Reply to Watchorn et al.: Asthma Exacerbations in Individuals on Glucagon-like Peptide-1 Receptor Agonists for Type 2 Diabetes.

From the Authors:

We appreciate the insightful comments by Watchorn and colleagues in response to our report on the association between asthma exacerbations and GLP-1RA (glucagon-like peptide-1 receptor agonist) use in patients with comorbid asthma and type 2 (T2) diabetes mellitus (T2DM) (1). The intersection of metabolic disease and asthma is a complex and compelling area of study with direct implications for treatment strategies (2) and clinical outcomes (3). Increasingly, work is being done to try to disentangle the confounding effects of body mass index, insulin resistance, and other features of the metabolic syndrome (which also increase the likelihood of cardiovascular disease) in asthma (4). Inclusion of atherosclerotic cardiovascular disease (defined as ≥1 International Classification of Diseases, ninth edition, or International Classification of Diseases, tenth edition, codes) as a variable in our model did not change the primary outcome, as follows: counts of asthma exacerbations in all comparator groups remained significantly (P ≤ 0.05) higher than in the GLP-1RA user group. Atherosclerotic cardiovascular disease was also not a significant predictor (P = 0.97) in the primary outcome model. This is consistent with the clinical context, as asthma symptoms (secondary outcome) may be nonspecific, but asthma exacerbations (defined as corticosteroid prescriptions) may be far less so.
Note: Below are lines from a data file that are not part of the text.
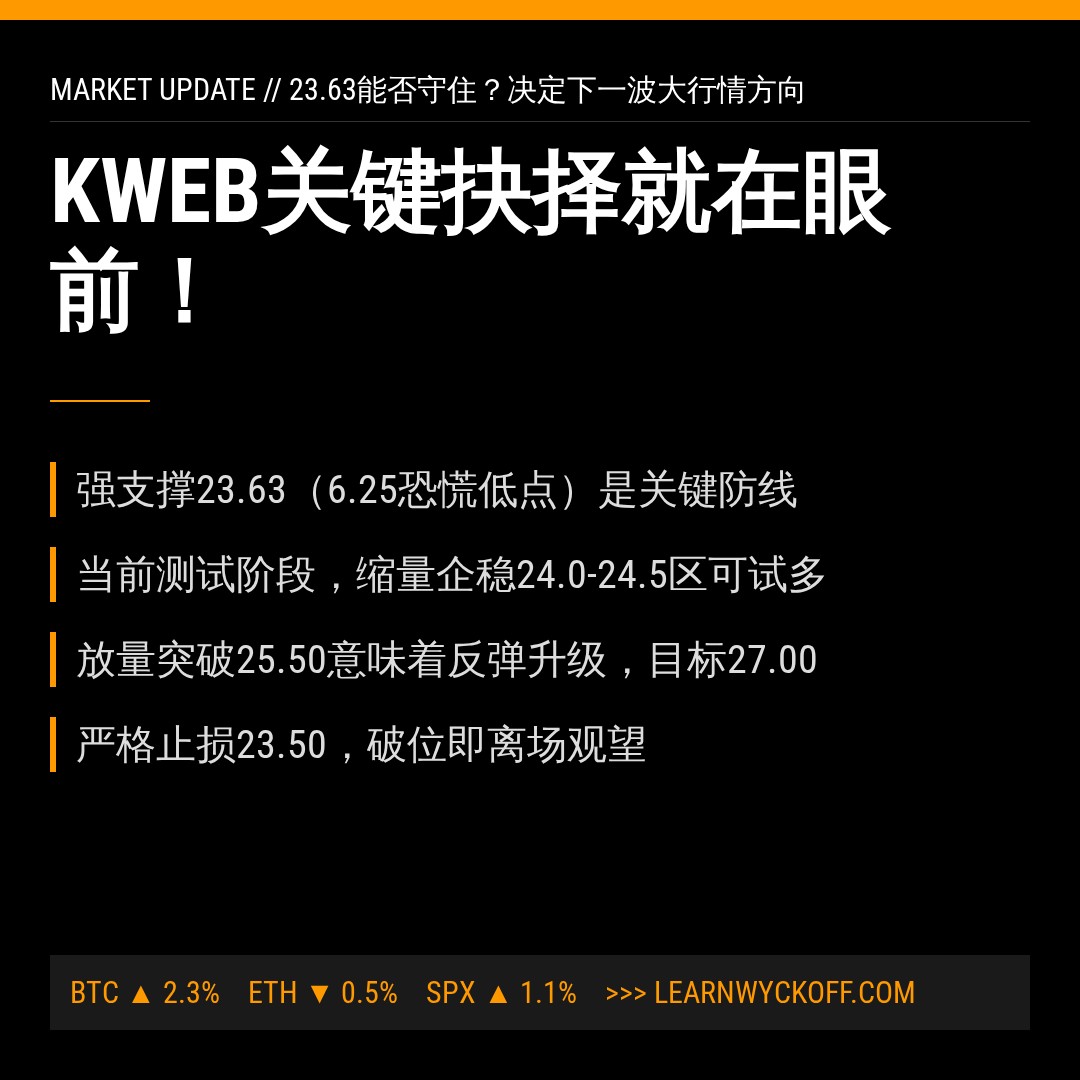 20260702 KWEB 行情数据复盘报告（基于威科夫量价视角）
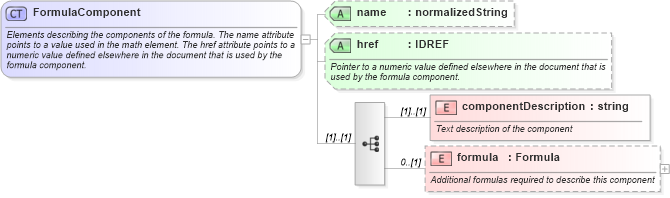 XSD Diagram of FormulaComponent in schema fpml-shared-4-2_xsd (Financial products Markup Language (FpML®))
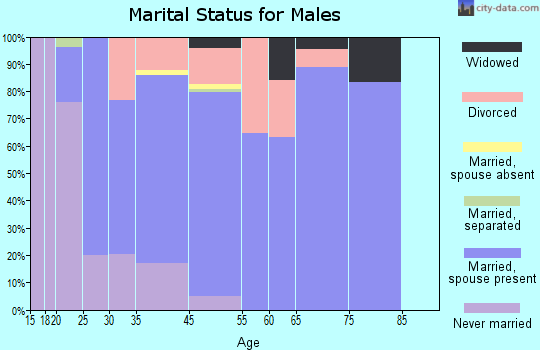 Cascade Locks marital status for males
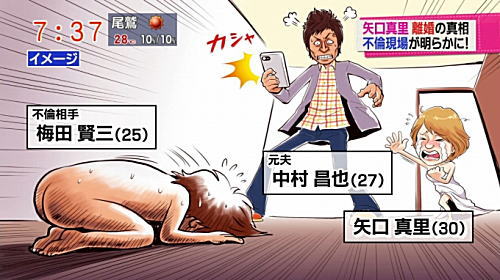 ガルちゃん画像あるある！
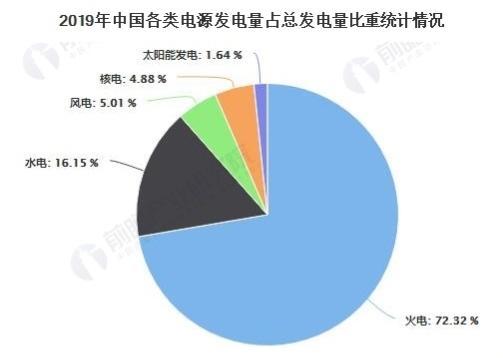 白鹤滩水电站投产多久了，中国建了这么多水电站，为什么还要大量依赖火力发电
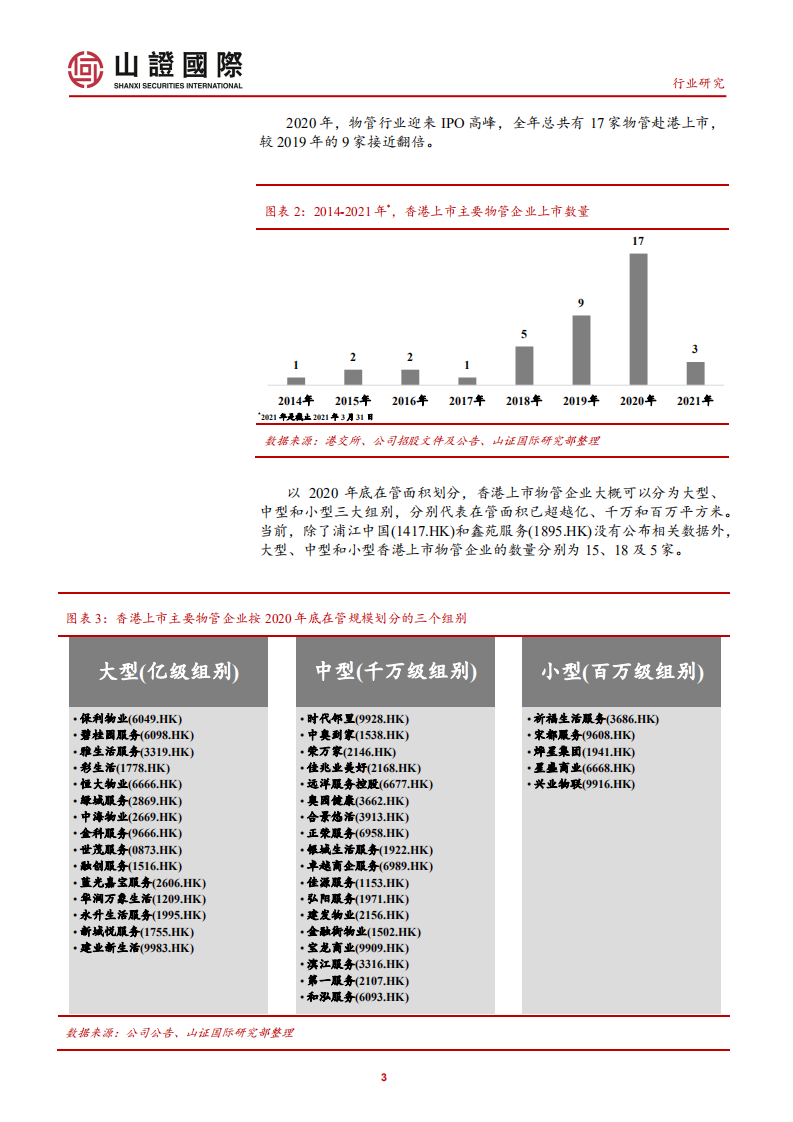 物管公司2020年经营及市场表现回顾：规模增速高于收入，并购助力扩大业务布局.pdf 第3页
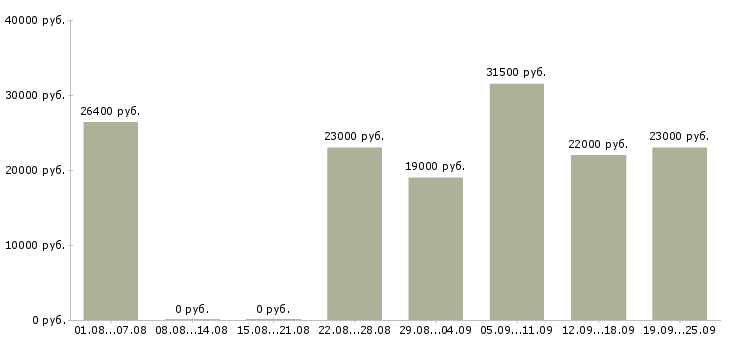 Вакансии менеджер офис менеджер в Челябинске - Медиана зарплат менеджер офис менеджер в Челябинске за 2 месяца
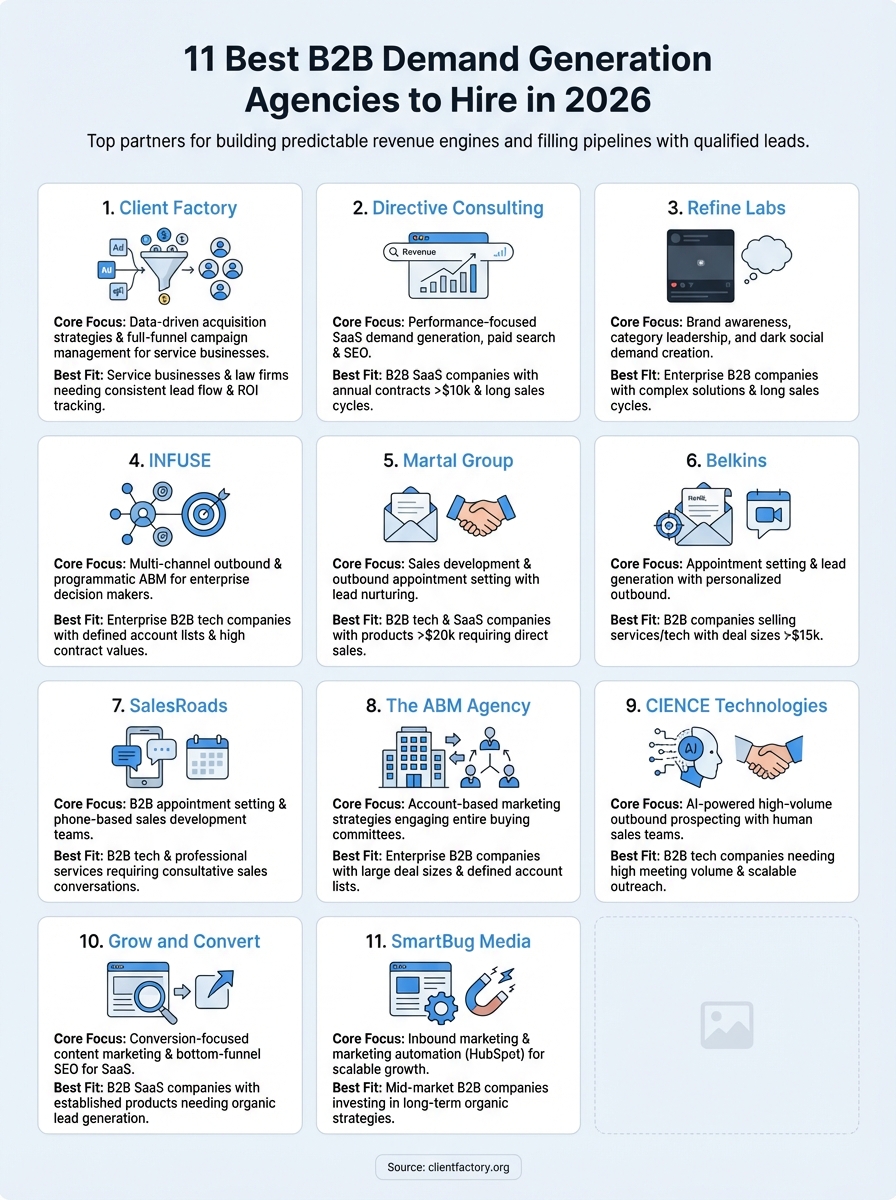 b2b demand generation agency infographic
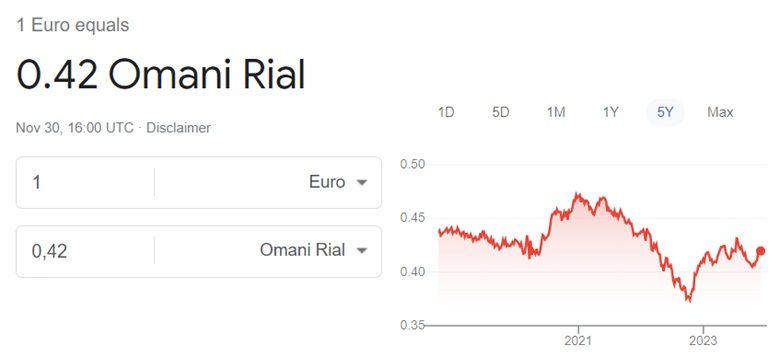 Euro to Omani rial exchange rate Dec 1 2023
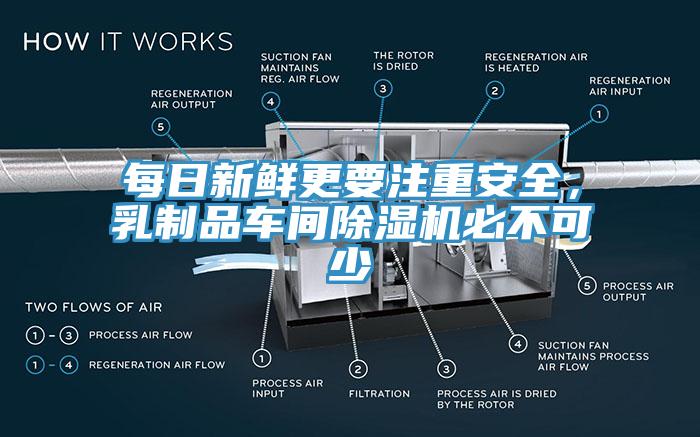 每日新鮮更要注重安全，乳制品車間除濕機必不可少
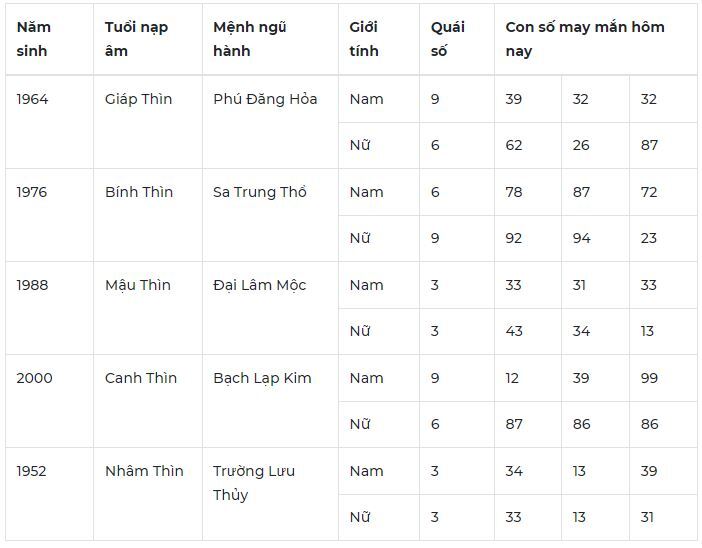 Con số may mắn hôm nay 27/10/2023: Số đẹp cho tình duyên suôn sẻ 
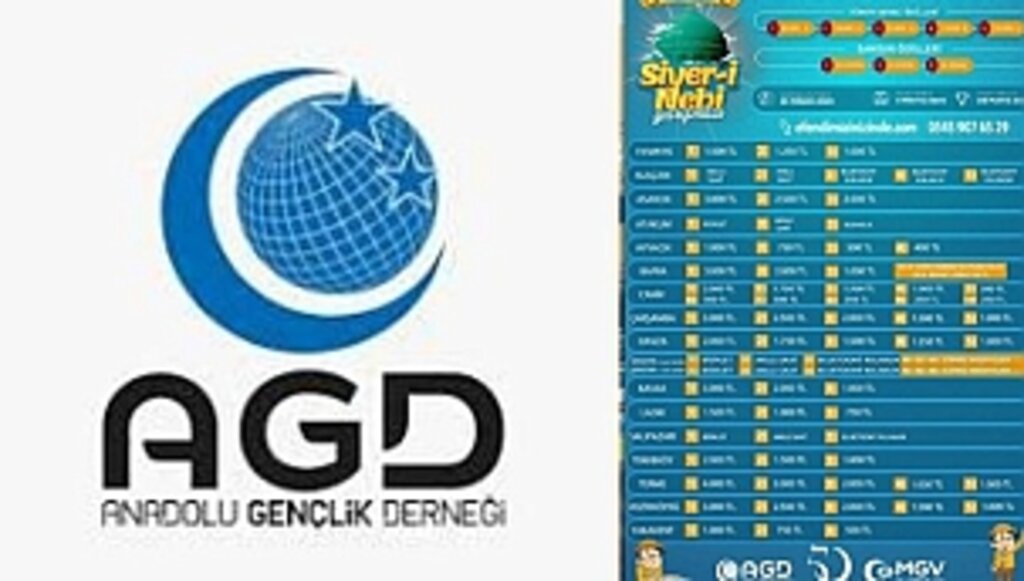 AGD-MGV, Siyer-i Nebi Yarışmasında Kayıtlar 20 Nisan'da Bitiyor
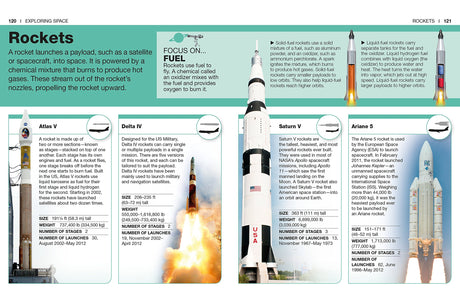 Pocket Genius Space book page showing detailed information about rockets including Atlas V, Delta IV, Saturn V, and Ariane 5.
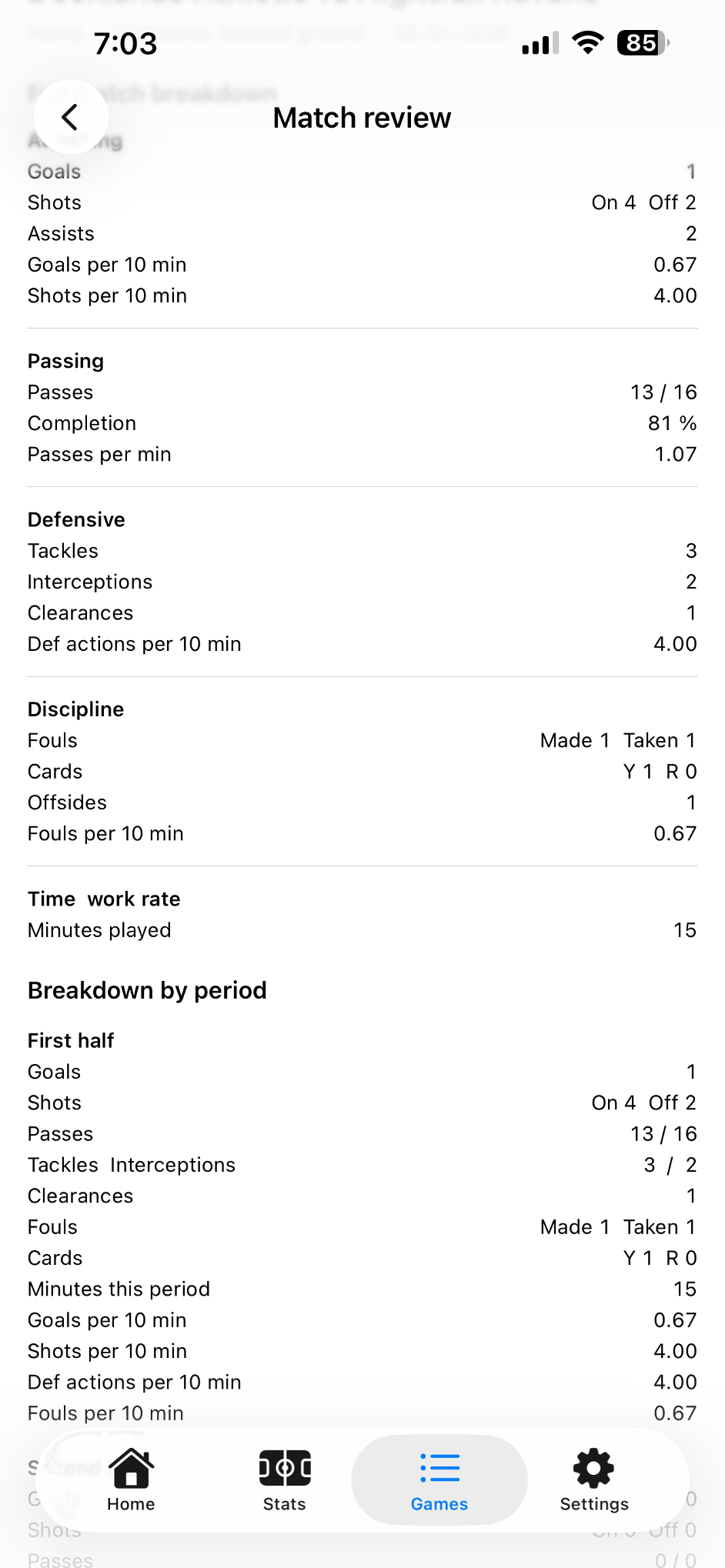 Match summary with totals and efficiency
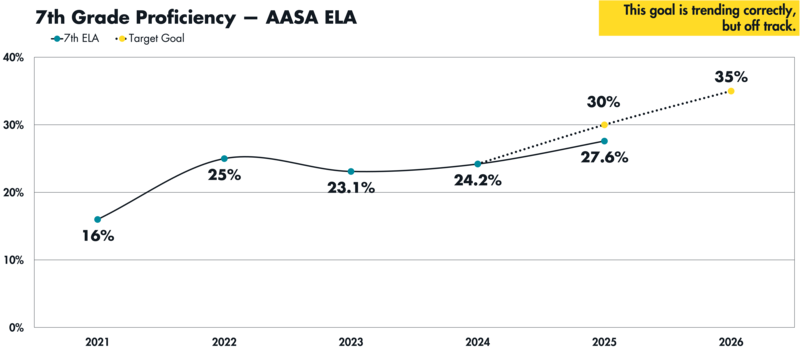 A graph showing rising AASA proficiency for 7th grade students from 2021 to 2025 with goals for 2025 and 2026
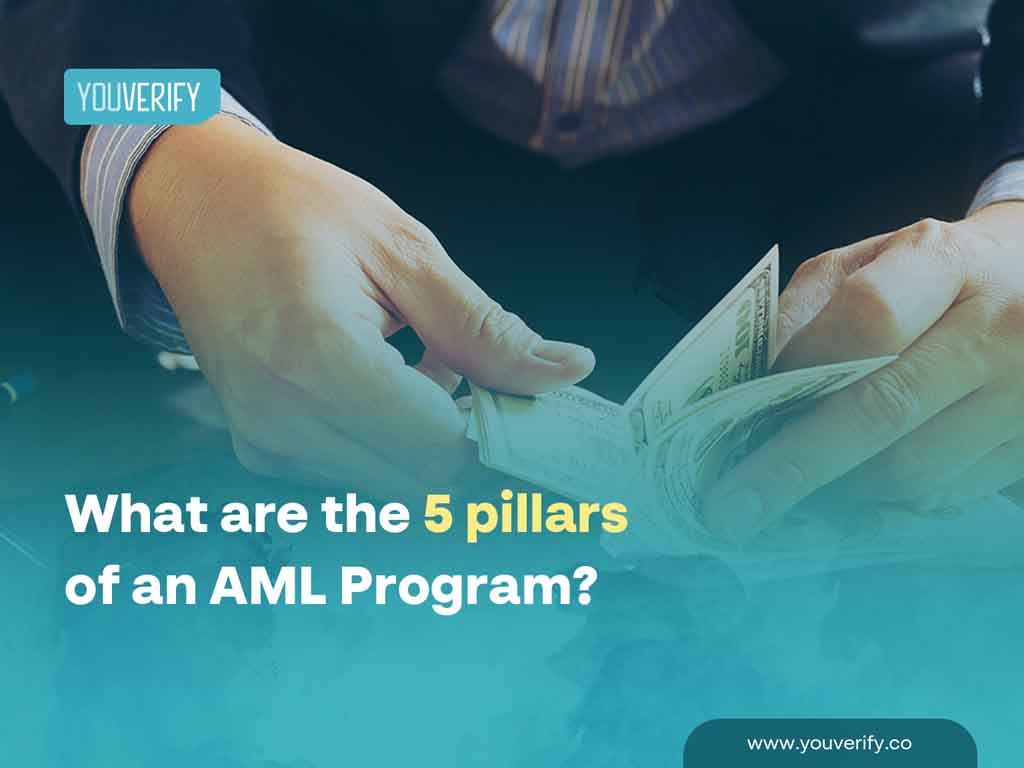 What Are The Five Pillars of an AML Program?
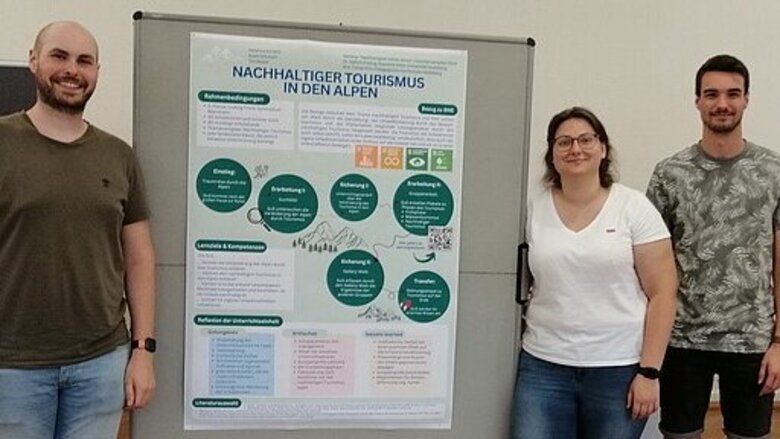 Posterpräsentation 3. Platz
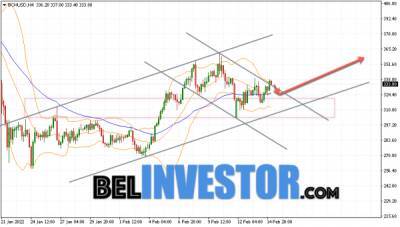 Bitcoin - Bitcoin Cash BCH/USD прогноз на сегодня 16 февраля 2022 - cryptowiki.ru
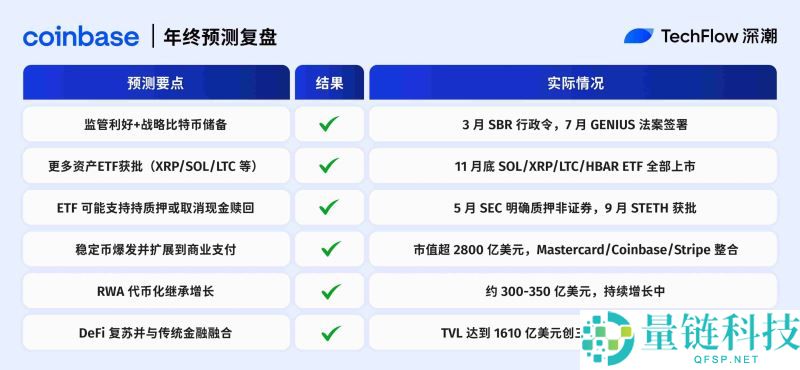2025年加密预测机构大复盘:10家机构谁在打脸谁在封神?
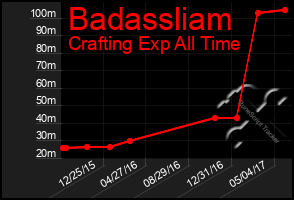 Total Graph of Badassliam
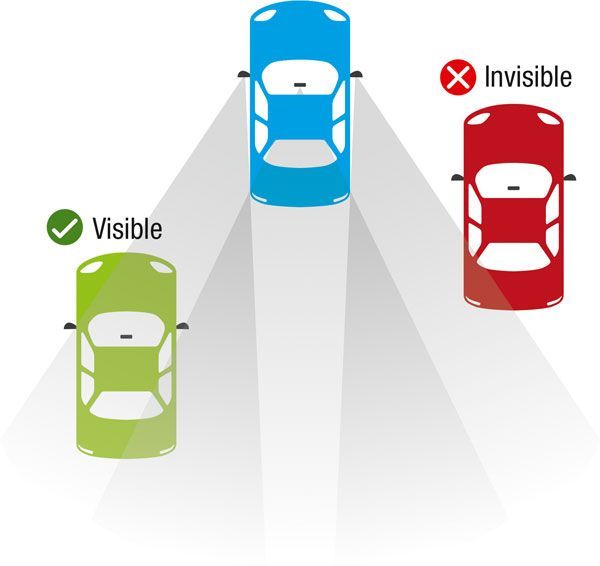 Diagram showing a green car visible in another car's mirror and a red car hidden in its blind spot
Importantly, the authors also raise the question of mechanism as it relates to the heterogeneity of asthma phenotypes on the inflammatory spectrum. Our study cohort was comprised of adults with asthma and T2DM, with a mean body mass index ranging from 34 to 39, clinical characteristics associated with non-T2 asthma (5). In a lean murine model of allergic airway inflammation, the GLP-1RA liraglutide inhibited T2-inflammation pathways (6). Additional preclinical and clinical investigations are underway in our research groups to determine the actions of GLP-1R agonists in T2 and non-T2 airway inflammation. Obese asthma models and patient-oriented biomarker studies would be helpful in providing additional insight to the question of mechanism and would inform the design of prospective studies. Our retrospective observational study was conducted within the context of routine care and was not designed to compare the effects of GLP-1 analogs with exendin-based GLP-1 agents, which would require much larger sample sizes (particularly for detection of a rare outcome) or a prospective study.

In conclusion, Watchorn and colleagues’ letter highlights the need for prospective studies of GLP-1RA therapy using single agents within the class (e.g., GLP-1 analogs or exendin-based therapies) in well-phenotyped asthma populations with outcomes aligned with regulatory approval metrics—we absolutely agree, and we look forward to this unfolding area of investigation.